[Exercise prompt] All of the entries below should be copied exactly as they appear.

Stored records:

——

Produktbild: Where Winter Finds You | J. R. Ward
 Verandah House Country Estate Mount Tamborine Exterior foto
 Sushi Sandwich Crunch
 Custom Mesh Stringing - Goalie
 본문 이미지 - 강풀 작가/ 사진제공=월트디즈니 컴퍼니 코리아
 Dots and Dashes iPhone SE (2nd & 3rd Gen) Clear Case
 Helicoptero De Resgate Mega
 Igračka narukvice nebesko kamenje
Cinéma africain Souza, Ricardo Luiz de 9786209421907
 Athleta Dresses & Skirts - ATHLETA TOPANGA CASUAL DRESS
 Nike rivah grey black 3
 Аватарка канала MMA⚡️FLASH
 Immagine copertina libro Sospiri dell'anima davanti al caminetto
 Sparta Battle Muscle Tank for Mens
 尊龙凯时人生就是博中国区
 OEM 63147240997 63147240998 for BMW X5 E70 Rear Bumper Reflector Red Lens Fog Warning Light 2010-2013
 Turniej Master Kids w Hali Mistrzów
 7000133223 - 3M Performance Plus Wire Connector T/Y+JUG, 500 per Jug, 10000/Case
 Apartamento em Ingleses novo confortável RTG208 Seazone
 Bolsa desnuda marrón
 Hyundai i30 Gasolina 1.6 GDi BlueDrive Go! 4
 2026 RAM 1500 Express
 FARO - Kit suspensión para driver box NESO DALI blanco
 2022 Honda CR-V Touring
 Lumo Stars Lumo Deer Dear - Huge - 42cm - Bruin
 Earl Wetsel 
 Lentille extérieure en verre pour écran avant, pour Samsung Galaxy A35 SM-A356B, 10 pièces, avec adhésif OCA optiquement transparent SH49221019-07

——

[Written answer]
Produktbild: Where Winter Finds You | J. R. Ward
 Verandah House Country Estate Mount Tamborine Exterior foto
 Sushi Sandwich Crunch
 Custom Mesh Stringing - Goalie
 본문 이미지 - 강풀 작가/ 사진제공=월트디즈니 컴퍼니 코리아
 Dots and Dashes iPhone SE (2nd & 3rd Gen) Clear Case
 Helicoptero De Resgate Mega
 Igračka narukvice nebesko kamenje
Cinéma africain Souza, Ricardo Luiz de 9786209421907
 Athleta Dresses & Skirts - ATHLETA TOPANGA CASUAL DRESS
 Nike rivah grey black 3
 Аватарка канала MMA⚡️FLASH
 Immagine copertina libro Sospiri dell'anima davanti al caminetto
 Sparta Battle Muscle Tank for Mens
 尊龙凯时人生就是博中国区
 OEM 63147240997 63147240998 for BMW X5 E70 Rear Bumper Reflector Red Lens Fog Warning Light 2010-2013
 Turniej Master Kids w Hali Mistrzów
 7000133223 - 3M Performance Plus Wire Connector T/Y+JUG, 500 per Jug, 10000/Case
 Apartamento em Ingleses novo confortável RTG208 Seazone
 Bolsa desnuda marrón
 Hyundai i30 Gasolina 1.6 GDi BlueDrive Go! 4
 2026 RAM 1500 Express
 FARO - Kit suspensión para driver box NESO DALI blanco
 2022 Honda CR-V Touring
 Lumo Stars Lumo Deer Dear - Huge - 42cm - Bruin
 Earl Wetsel 
 Lentille extérieure en verre pour écran avant, pour Samsung Galaxy A35 SM-A356B, 10 pièces, avec adhésif OCA optiquement transparent SH49221019-07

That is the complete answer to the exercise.